Sun, Aug 19, 2007 - Page 9 News List

Real moral choices in virtual game worlds

By Alexander Gambotto-Burke  /  THE GUARDIAN , LONDON

Just over 10 years ago, the edge in emotive, immersive and cinematic game design was the FMV (full-motion video) game. Constructing its complicated gameplay sequences out of live-action footage, these movie/game hybrids had a distinct advantage over their pixellated peers: They looked fantastic because their visuals were sourced from the real world. Things have changed.

The obvious pitfall of this type of game -- completely static, restrictive, and linear gameplay thanks to expensive, prerecorded footage -- is now anathema. Gamers want to make their own choices about how to interact with their virtual worlds.


Ken Levine, president of Irrational Games, has been working to meet the needs of gamers since 1999, when it released System Shock 2 (SS2).

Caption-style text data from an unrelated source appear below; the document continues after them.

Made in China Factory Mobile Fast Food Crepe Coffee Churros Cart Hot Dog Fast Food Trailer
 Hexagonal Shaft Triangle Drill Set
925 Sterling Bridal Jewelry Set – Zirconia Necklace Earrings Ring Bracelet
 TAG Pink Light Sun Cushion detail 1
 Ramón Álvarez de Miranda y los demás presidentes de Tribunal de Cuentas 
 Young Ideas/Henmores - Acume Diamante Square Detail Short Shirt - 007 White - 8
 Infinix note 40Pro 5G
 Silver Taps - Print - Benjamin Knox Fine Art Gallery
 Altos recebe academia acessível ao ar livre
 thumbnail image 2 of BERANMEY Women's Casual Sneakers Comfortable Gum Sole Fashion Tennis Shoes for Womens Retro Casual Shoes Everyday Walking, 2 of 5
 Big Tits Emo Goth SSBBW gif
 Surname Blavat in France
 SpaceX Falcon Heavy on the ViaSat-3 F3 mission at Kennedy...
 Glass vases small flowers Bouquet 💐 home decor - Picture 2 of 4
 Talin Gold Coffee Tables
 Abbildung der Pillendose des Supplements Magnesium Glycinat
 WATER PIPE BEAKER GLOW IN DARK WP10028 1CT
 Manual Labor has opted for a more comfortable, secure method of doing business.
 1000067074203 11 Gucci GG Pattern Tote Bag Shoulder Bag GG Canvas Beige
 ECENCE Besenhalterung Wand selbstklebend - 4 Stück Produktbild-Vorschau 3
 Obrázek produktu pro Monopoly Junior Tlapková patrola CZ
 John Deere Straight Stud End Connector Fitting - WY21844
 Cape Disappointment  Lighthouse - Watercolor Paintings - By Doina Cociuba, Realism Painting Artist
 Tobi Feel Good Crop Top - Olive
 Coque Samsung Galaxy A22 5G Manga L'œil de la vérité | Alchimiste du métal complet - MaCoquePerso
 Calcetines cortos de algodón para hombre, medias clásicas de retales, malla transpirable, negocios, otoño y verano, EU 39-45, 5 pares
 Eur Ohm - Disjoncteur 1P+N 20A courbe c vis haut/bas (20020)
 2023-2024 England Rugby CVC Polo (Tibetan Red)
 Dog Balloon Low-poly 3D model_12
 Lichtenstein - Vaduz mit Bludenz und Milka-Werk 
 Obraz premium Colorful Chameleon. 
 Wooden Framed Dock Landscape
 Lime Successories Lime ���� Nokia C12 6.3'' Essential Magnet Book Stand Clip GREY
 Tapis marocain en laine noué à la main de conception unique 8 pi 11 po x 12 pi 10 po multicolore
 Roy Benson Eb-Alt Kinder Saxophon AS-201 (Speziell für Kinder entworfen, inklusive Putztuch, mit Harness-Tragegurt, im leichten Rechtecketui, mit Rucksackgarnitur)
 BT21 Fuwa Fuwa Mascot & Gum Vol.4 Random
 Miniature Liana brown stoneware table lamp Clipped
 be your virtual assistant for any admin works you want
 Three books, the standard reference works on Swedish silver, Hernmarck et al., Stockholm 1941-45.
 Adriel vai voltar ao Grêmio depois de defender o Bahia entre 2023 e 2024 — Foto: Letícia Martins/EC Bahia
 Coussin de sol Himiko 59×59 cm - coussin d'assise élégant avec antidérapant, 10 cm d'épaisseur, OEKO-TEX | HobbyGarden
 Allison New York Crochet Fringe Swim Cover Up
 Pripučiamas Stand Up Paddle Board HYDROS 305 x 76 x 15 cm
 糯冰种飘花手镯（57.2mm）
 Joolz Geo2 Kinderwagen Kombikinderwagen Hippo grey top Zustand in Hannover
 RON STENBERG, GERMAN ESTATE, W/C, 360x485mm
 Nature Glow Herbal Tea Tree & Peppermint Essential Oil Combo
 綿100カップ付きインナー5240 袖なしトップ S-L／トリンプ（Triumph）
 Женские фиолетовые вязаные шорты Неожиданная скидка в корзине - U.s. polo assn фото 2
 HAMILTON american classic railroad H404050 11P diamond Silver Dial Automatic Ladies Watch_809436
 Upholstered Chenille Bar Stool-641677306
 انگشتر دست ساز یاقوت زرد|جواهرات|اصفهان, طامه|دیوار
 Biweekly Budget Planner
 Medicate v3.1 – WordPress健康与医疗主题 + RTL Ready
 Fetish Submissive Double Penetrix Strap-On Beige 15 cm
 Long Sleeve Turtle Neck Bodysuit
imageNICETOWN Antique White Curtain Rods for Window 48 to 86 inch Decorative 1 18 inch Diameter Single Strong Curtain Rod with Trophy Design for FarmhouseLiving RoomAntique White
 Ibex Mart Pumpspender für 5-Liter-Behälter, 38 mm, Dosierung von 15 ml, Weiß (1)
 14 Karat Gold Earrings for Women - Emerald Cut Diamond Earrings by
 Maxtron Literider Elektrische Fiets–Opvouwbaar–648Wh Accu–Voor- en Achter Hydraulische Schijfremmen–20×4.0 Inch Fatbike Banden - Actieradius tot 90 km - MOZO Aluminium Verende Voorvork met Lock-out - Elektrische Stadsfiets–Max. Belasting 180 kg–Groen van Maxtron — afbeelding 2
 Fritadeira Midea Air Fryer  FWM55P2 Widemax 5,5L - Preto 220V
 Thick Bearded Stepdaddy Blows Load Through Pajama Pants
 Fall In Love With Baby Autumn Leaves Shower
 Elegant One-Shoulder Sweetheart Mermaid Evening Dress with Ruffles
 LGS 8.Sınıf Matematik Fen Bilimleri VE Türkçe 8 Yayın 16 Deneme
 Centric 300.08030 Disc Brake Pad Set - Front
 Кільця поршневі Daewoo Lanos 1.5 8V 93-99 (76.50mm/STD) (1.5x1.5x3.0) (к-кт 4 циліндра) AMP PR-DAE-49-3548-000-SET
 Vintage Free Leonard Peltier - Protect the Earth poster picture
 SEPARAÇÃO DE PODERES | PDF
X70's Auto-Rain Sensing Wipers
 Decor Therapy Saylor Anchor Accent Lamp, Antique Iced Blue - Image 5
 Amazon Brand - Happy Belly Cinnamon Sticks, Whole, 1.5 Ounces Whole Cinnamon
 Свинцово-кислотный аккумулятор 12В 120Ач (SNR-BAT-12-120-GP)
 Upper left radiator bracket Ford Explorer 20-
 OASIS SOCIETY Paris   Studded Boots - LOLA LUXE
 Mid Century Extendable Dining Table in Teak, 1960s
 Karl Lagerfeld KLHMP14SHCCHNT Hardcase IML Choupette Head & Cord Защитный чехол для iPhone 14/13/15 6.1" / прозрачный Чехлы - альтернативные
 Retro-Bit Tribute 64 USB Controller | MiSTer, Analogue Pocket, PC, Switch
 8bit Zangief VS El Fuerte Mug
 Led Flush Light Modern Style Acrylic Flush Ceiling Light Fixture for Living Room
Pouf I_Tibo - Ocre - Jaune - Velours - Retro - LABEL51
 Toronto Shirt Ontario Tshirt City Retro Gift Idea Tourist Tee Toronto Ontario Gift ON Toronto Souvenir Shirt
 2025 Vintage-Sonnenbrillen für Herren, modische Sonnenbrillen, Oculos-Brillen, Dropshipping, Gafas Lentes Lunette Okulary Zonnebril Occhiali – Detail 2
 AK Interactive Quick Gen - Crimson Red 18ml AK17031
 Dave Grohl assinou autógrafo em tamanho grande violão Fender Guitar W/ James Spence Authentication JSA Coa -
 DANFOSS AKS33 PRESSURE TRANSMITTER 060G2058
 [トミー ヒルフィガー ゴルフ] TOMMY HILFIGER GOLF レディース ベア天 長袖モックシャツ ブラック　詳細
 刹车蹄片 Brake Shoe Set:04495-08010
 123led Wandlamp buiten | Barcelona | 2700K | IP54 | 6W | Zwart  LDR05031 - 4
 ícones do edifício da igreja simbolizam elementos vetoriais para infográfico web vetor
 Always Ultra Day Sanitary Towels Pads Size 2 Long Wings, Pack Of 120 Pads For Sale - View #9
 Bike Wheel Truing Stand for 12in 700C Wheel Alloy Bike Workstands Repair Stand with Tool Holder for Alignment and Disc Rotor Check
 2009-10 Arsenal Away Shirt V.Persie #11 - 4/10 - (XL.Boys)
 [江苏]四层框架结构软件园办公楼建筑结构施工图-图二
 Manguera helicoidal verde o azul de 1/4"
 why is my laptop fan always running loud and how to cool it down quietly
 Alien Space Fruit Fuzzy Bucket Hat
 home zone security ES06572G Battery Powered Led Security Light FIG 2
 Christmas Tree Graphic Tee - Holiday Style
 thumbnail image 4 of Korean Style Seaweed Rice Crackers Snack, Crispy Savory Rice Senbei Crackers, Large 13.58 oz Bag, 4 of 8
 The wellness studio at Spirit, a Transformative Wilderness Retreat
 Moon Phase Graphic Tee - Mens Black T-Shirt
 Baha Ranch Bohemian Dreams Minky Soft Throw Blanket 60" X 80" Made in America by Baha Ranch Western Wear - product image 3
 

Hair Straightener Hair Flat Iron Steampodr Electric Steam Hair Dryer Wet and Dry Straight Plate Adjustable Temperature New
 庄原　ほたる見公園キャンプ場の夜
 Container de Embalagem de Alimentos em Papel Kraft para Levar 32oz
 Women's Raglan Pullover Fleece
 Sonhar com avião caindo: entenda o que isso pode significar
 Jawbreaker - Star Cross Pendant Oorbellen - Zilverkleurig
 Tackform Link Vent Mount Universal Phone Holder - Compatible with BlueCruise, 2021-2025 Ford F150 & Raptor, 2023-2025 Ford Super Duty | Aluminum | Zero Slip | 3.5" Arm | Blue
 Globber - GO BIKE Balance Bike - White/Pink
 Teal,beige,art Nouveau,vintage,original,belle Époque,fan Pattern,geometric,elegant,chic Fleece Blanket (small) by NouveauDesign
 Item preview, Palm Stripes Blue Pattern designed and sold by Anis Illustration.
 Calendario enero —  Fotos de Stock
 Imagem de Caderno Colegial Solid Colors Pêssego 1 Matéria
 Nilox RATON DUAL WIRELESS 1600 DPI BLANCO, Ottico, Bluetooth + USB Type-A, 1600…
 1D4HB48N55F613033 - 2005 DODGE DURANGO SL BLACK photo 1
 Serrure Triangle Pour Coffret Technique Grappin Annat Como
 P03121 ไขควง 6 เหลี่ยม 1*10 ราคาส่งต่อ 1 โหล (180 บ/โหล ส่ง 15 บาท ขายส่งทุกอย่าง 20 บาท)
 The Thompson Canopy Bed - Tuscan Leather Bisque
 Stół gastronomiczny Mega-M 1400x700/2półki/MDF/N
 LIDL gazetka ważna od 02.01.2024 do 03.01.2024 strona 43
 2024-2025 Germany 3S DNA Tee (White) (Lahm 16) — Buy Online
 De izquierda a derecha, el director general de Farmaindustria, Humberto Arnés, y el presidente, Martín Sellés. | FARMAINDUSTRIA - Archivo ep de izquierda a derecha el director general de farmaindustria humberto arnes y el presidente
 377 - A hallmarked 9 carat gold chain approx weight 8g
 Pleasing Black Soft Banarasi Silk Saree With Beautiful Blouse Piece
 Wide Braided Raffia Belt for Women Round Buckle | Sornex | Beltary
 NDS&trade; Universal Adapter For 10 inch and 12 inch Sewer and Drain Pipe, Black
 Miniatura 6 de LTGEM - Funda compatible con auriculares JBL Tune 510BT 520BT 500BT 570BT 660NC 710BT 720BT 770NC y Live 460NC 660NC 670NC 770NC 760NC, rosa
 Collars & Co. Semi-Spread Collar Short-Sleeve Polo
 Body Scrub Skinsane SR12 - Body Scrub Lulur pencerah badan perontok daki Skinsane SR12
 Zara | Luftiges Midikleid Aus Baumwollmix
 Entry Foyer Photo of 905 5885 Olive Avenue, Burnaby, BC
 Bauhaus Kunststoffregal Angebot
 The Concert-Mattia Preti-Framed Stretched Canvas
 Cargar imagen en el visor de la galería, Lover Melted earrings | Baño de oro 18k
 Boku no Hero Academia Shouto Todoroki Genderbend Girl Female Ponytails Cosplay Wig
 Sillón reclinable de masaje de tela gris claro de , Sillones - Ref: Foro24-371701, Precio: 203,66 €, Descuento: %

This game is the prime example of what Levine calls "emergent gameplay" -- very little is pre-scripted, most parts of the game can play out in any order, and players are free to come up with their own strategies for dealing with enemies and obstacles.

It's an immensely satisfying format, because players feels as though their choices matter. Irrational is now hard at work on BioShock, SS2's "spiritual successor."

"The problem when you build emergent spaces," Levine said, "is that the amount of testing and rebuilding is much higher, because areas have to be applicable to a lot of different scenarios. If you look at a game like Half-Life 2 or Call of Duty, their developers can really custom build scripted areas with no fear that gameplay is going to trickle out of that area. Their AI [artificially intelligent] entities are tethered to specific areas and situations; in a game like BioShock, AIs will wander around and follow you around."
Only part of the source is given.